## [Task brief]
The answer must consist solely of the lines below starting at the one containing "Women's V Neck Midi Dress with Waist Belt" and ending at the one containing "Kids Hello Kitty", repeated exactly, with both ends included and all pictures omitted.

## [Dataset]
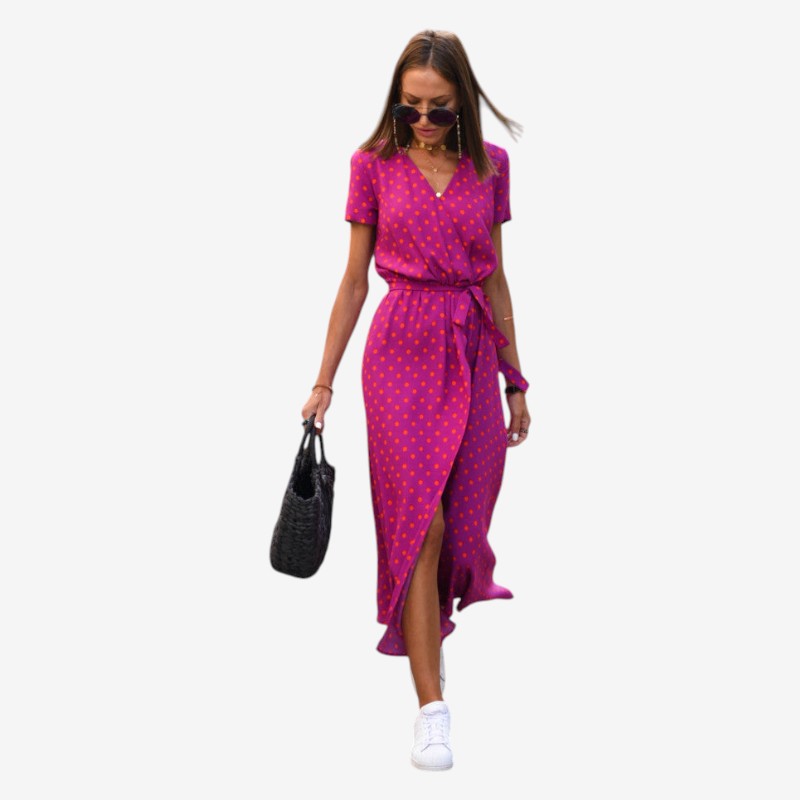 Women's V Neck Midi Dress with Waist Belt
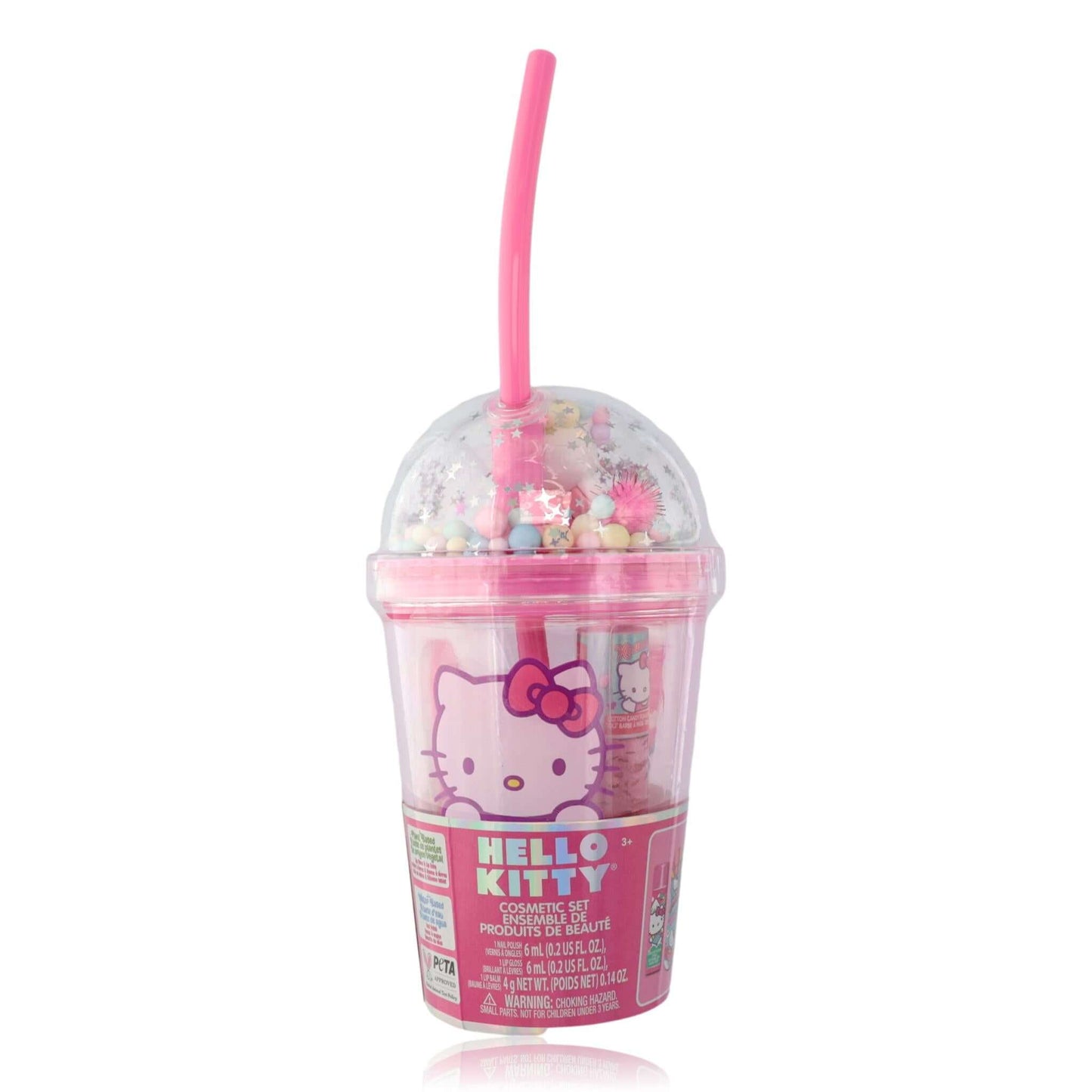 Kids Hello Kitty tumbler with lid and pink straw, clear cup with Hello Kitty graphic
---
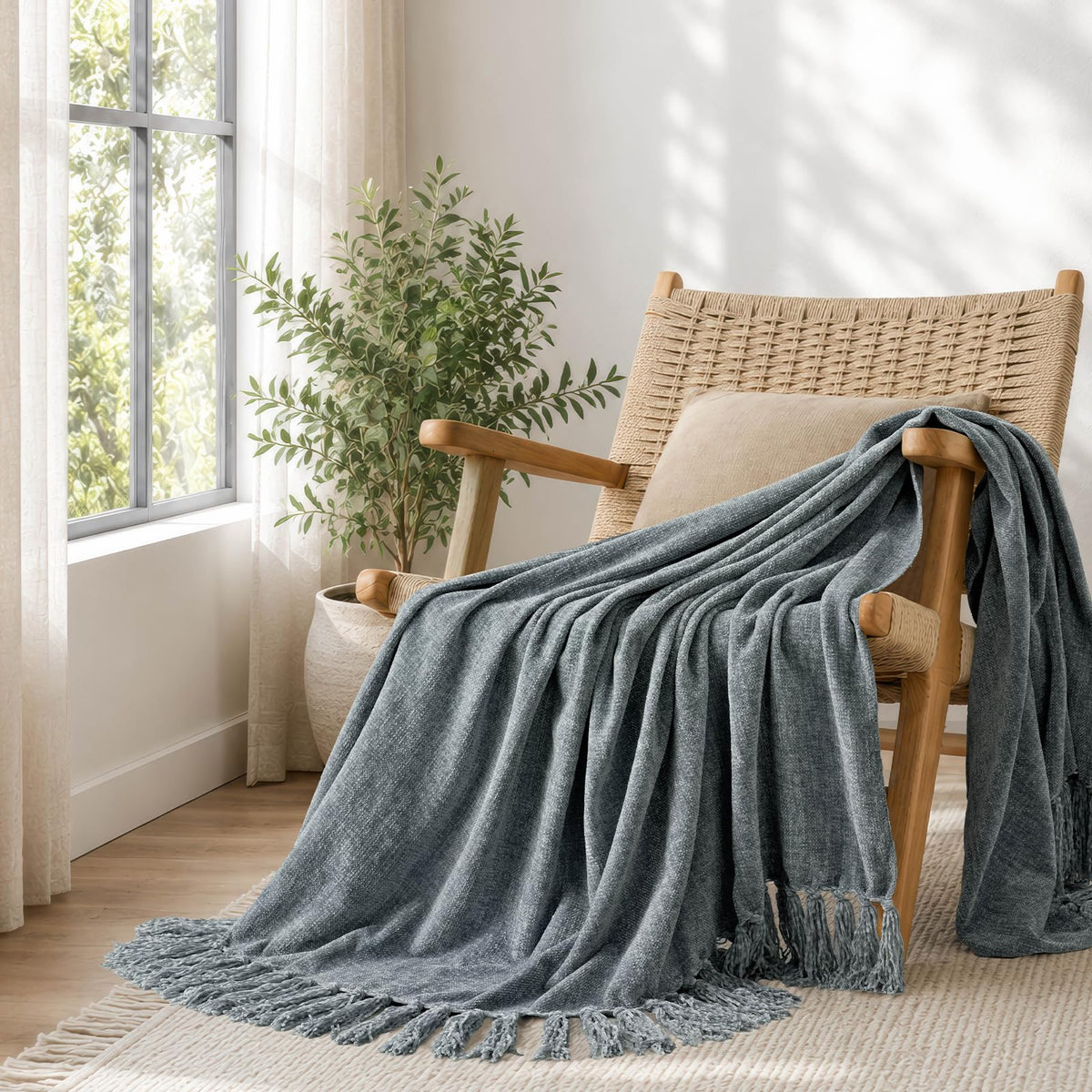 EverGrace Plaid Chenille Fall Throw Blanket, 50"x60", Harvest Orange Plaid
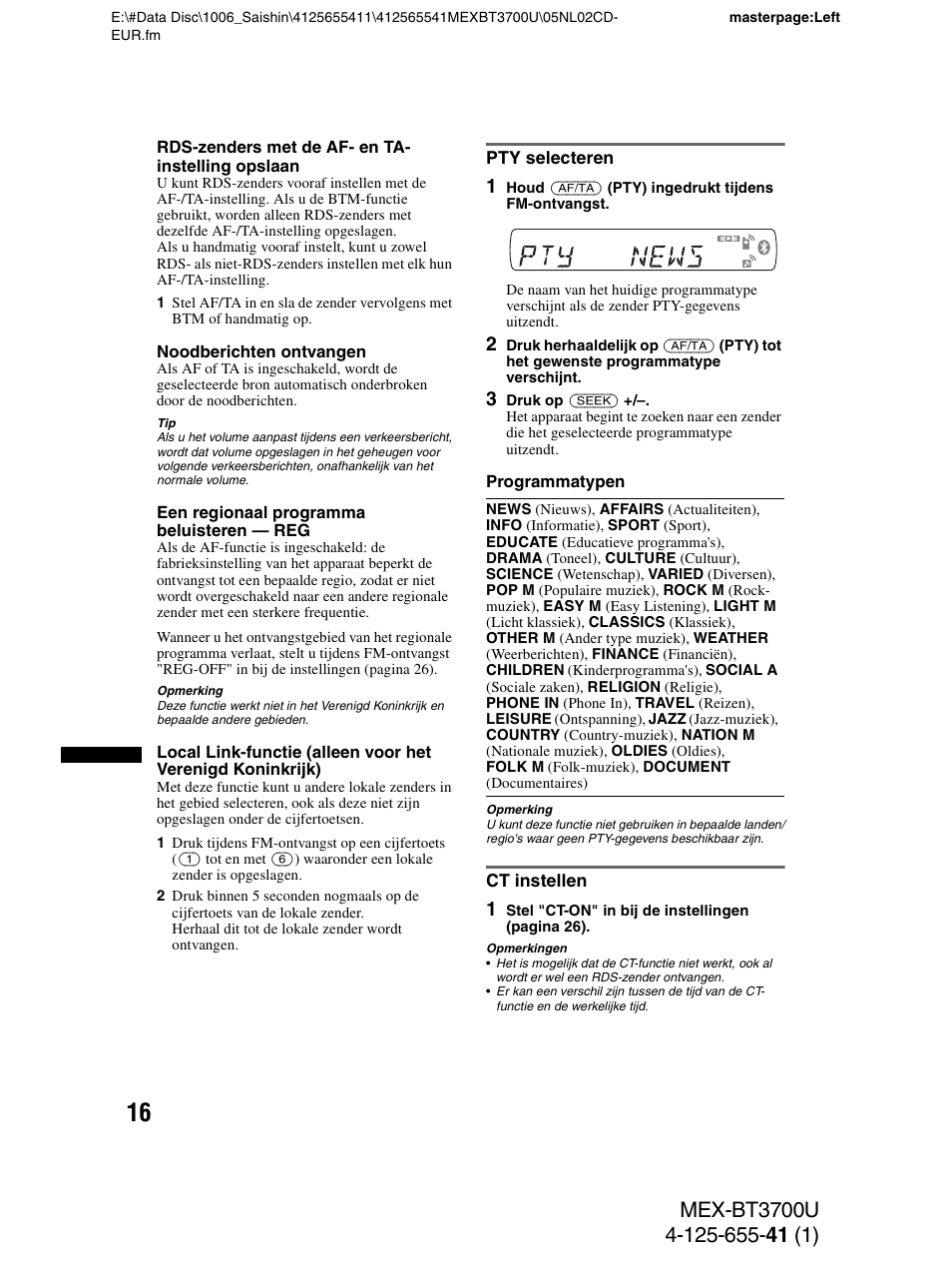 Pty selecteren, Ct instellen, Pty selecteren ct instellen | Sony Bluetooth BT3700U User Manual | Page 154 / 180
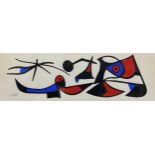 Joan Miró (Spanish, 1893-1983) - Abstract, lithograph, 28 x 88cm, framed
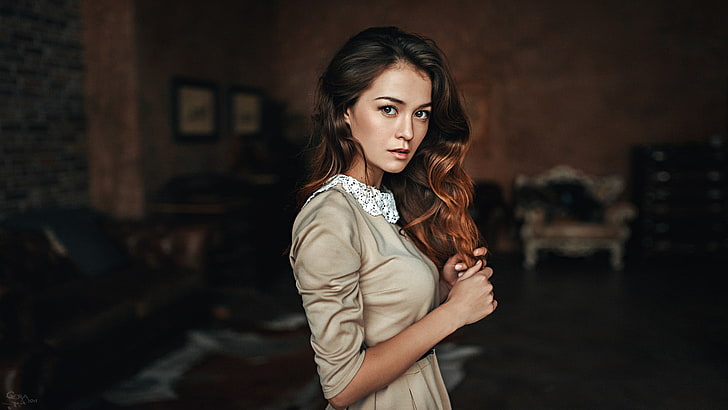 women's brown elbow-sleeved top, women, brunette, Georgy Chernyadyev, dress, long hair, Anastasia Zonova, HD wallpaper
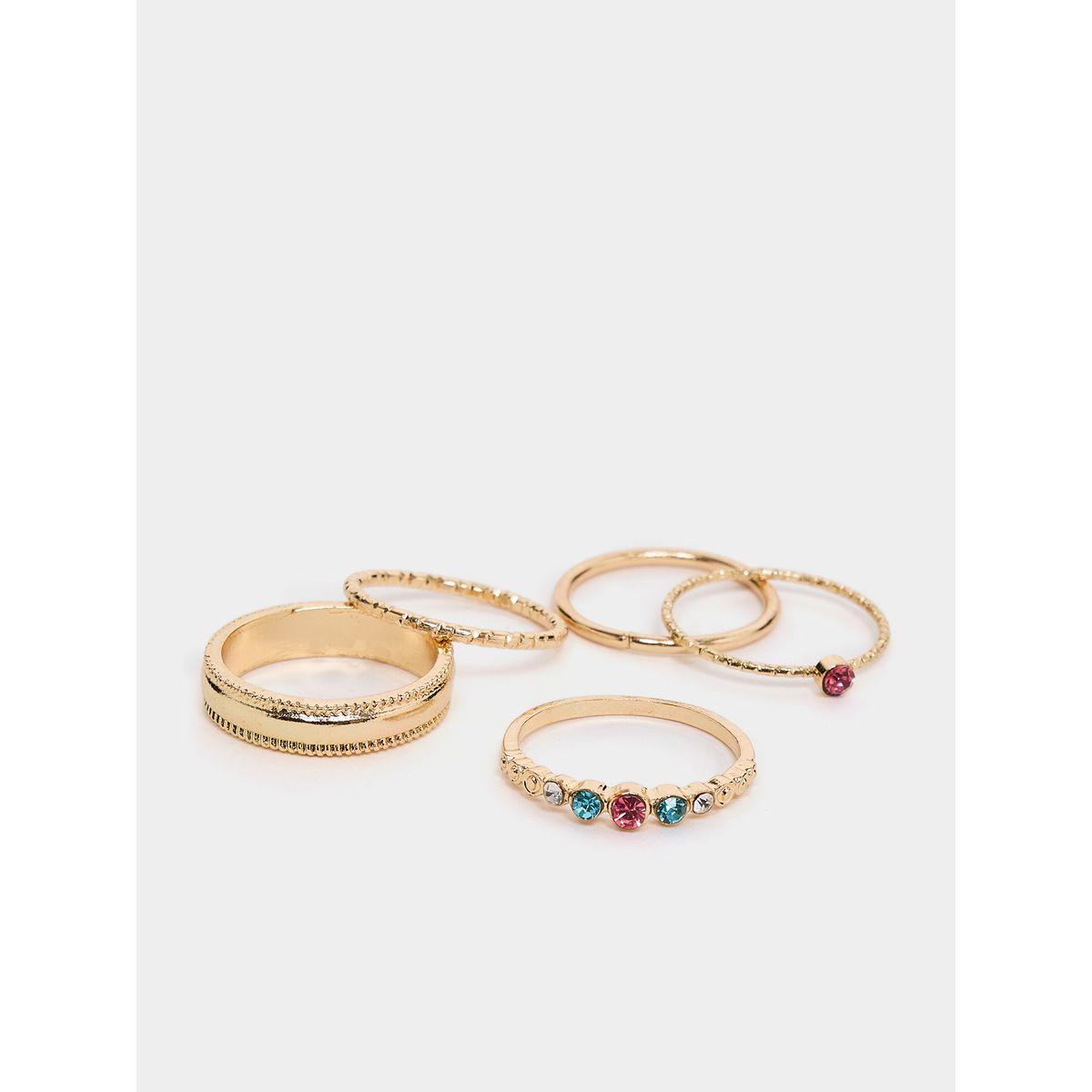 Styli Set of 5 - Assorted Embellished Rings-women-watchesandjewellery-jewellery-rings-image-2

## [Answer to the exercise]
 Women's V Neck Midi Dress with Waist Belt
 Kids Hello Kitty tumbler with lid and pink straw, clear cup with Hello Kitty graphic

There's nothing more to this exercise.